Burla infame
Dejarse ganar es una de las mayores infamias del deporte. Y si se tolera, porque razones de estado, de equipo, o de como se quieran llamar, así lo aconsejan, entonces ya no hablamos de deporte. Podremos hablar de una actividad con intereses comerciales y económicos que utiliza el escaparate del deporte como bandera. Y si, además, uno se deja ganar con descaro, esa ruindad se convierte en burla. Una mofa para los espectadores y un insulto a los rivales que se han jugado la vida.
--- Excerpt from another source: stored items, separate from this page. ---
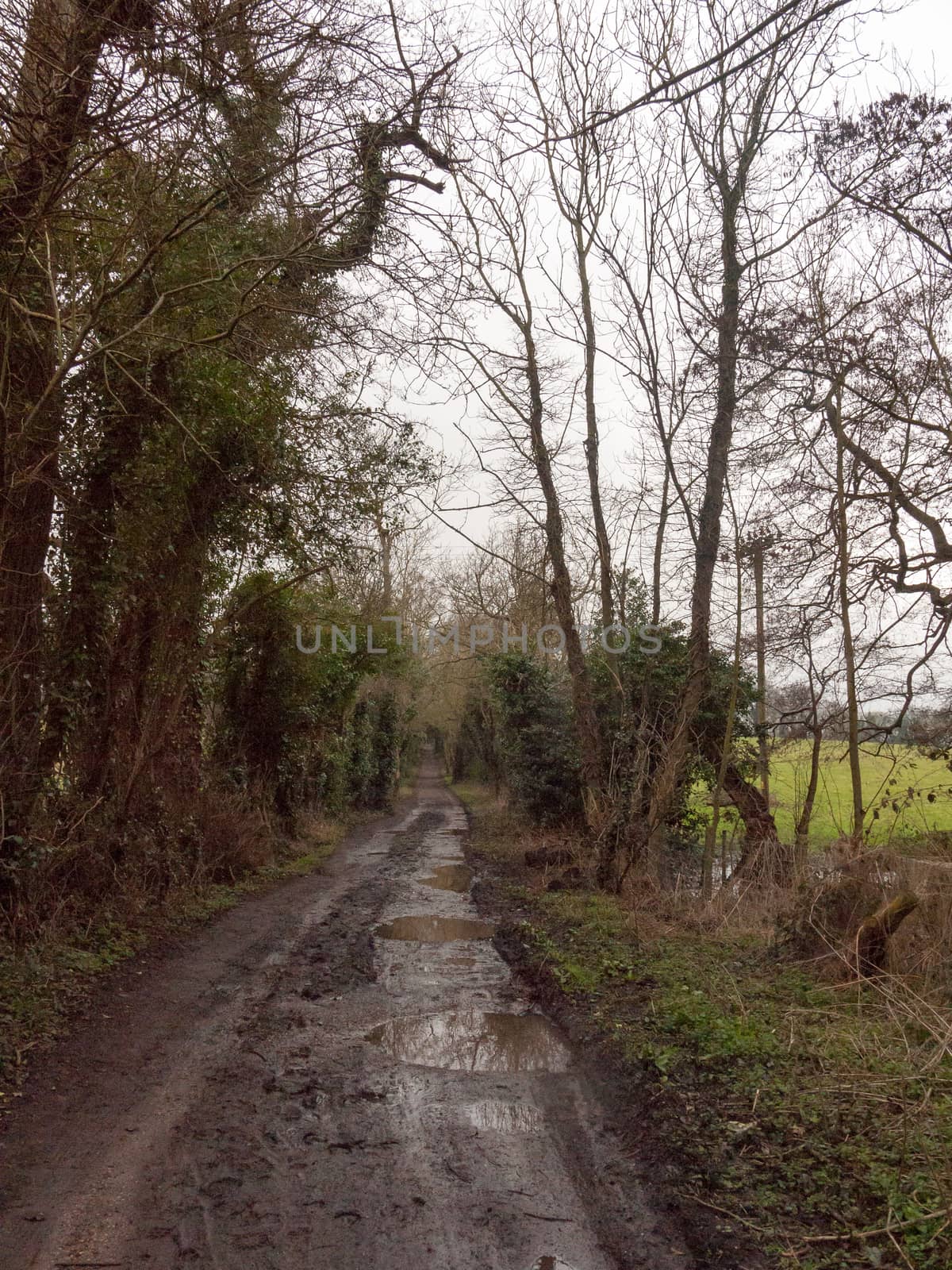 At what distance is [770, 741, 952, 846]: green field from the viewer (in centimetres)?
1016

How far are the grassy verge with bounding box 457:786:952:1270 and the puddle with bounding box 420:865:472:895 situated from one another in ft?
18.7

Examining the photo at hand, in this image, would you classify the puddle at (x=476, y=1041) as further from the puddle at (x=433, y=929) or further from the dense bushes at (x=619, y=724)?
the dense bushes at (x=619, y=724)

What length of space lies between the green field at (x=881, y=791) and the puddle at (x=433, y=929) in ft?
13.5

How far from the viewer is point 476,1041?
6551mm

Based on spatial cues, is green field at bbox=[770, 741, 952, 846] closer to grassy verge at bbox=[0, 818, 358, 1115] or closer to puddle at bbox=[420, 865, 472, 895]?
puddle at bbox=[420, 865, 472, 895]

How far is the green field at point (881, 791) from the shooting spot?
1016 cm

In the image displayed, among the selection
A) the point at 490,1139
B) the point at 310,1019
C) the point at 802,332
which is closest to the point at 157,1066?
the point at 310,1019

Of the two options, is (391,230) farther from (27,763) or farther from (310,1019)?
(310,1019)

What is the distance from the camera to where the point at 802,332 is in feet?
39.7

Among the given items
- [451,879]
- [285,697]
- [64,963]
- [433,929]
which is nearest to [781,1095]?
[64,963]

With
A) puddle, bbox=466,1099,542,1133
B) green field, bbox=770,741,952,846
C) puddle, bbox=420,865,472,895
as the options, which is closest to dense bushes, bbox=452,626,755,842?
green field, bbox=770,741,952,846

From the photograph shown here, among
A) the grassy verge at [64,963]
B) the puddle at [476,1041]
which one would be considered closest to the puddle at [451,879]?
the grassy verge at [64,963]

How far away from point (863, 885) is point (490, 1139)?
14.3 ft

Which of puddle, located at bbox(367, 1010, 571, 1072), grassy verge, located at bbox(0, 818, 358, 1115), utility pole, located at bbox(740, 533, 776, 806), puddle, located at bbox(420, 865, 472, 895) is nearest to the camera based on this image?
grassy verge, located at bbox(0, 818, 358, 1115) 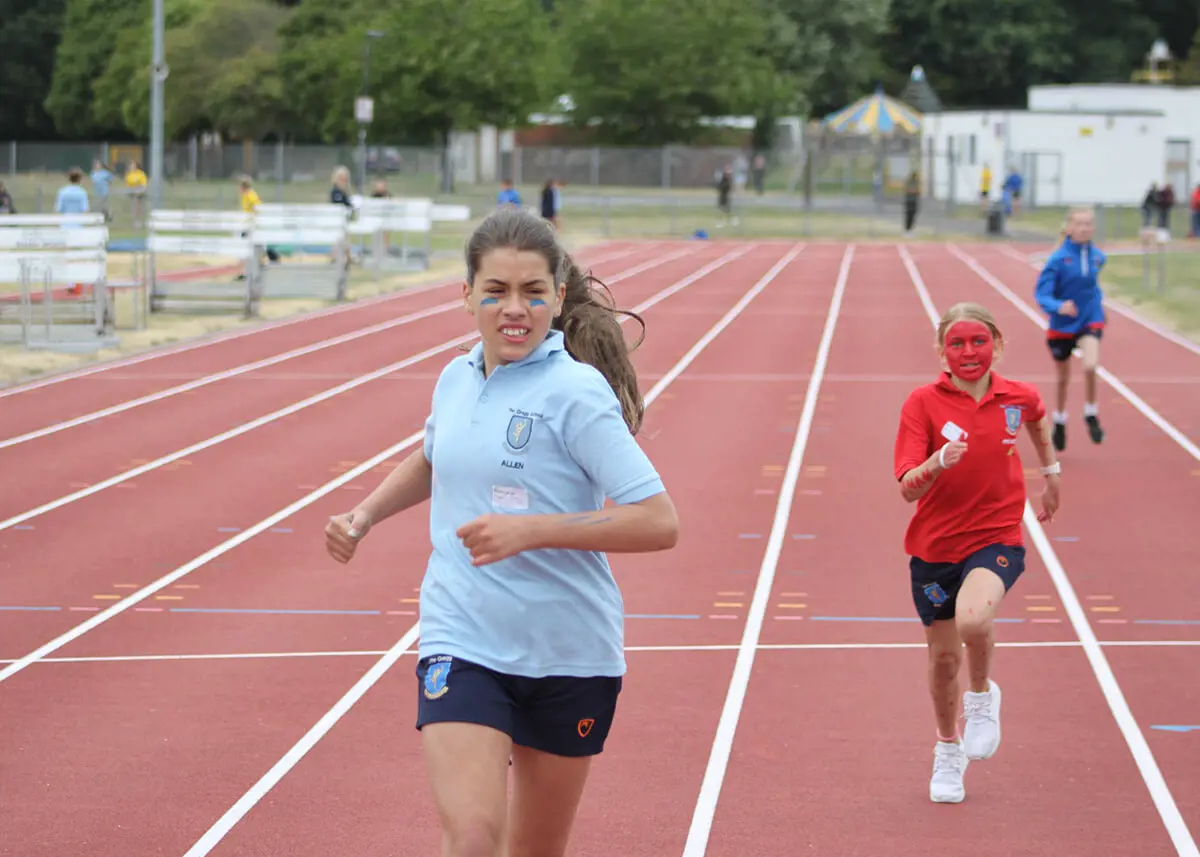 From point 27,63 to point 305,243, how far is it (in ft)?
241

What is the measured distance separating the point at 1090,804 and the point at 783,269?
3005 cm

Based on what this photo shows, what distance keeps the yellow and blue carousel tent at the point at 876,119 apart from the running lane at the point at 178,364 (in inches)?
1632

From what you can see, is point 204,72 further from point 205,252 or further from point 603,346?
point 603,346

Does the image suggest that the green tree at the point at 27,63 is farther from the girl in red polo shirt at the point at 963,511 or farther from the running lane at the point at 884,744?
the girl in red polo shirt at the point at 963,511

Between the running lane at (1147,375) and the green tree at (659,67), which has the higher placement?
the green tree at (659,67)

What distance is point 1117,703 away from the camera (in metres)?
7.53

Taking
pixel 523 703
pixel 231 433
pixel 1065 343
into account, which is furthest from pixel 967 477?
pixel 231 433

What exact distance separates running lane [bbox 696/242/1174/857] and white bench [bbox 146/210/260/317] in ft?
49.7

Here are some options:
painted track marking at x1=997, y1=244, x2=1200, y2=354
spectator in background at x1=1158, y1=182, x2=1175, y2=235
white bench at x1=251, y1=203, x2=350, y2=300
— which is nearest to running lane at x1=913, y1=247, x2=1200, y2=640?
painted track marking at x1=997, y1=244, x2=1200, y2=354

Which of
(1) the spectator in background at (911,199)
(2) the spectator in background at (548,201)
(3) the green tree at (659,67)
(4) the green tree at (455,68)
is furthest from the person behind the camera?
(3) the green tree at (659,67)

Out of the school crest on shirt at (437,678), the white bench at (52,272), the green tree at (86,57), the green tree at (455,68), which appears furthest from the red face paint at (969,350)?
the green tree at (86,57)

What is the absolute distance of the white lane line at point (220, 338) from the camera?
59.5ft

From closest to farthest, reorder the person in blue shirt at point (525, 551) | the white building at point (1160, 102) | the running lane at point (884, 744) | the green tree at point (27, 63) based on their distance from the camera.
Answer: the person in blue shirt at point (525, 551) → the running lane at point (884, 744) → the white building at point (1160, 102) → the green tree at point (27, 63)

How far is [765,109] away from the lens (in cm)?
8000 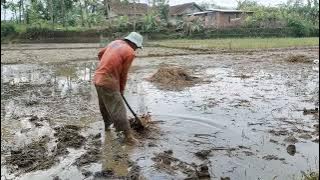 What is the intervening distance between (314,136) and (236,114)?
1896 millimetres

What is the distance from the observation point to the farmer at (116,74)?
576 cm

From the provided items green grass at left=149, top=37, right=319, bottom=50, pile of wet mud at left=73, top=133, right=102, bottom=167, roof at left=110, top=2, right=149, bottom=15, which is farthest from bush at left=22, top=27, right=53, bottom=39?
pile of wet mud at left=73, top=133, right=102, bottom=167

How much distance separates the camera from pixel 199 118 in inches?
303

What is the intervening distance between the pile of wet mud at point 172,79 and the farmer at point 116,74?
228 inches

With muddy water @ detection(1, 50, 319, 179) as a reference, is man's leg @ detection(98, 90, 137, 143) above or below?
above

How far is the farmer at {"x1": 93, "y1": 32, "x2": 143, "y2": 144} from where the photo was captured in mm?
5762

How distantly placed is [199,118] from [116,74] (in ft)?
7.67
Como Sato, que acabó en el hospital, como Heidfeld, que voló por los aires, como Villeneuve, que se vio rodeado de llamas.
Noticias relacionadas
Lo curioso es que ayer toda esa afrenta se montó para que Schumacher sumara cuatro puntos más. De la victoria no hablamos, porque hasta al propio Schumacher le dio vergüenza subir al podio. Un borrón en su palmarés, pues si alguna vez se habla de que protagonizó el mejor arranque de la historia en una temporada de Fórmula 1 -lleva cinco victorias en seis carreras- habrá que leer la letra pequeña de cómo lo consiguió: frenando Barrichello, su compañero de equipo, en los últimos metros para que le adelantase. Quizá lo hizo con descaro para que se supiera la verdad. En los coches no es la primera vez que se recurre a las órdenes de equipo para proclamar un vencedor.
A Sainz le mandaron parar en el rally Acrópolis hace dos años para favorecer a McRae, no quiso y cuando le volvieron a decir que era una orden, la acató con desfachatez ante las cámaras de televisión. Algo parecido pudo hacer ayer Barrichello, que no disimuló su maniobra para delatar a Todt, el director de Ferrari, quien ya hace 13 años, cuando estaba en Peugeot, echó a cara o cruz quién de sus dos pilotos, Vatanen o Ickx, ganaría el Dakar. El premio a la persona más intrigante espera a este hombre.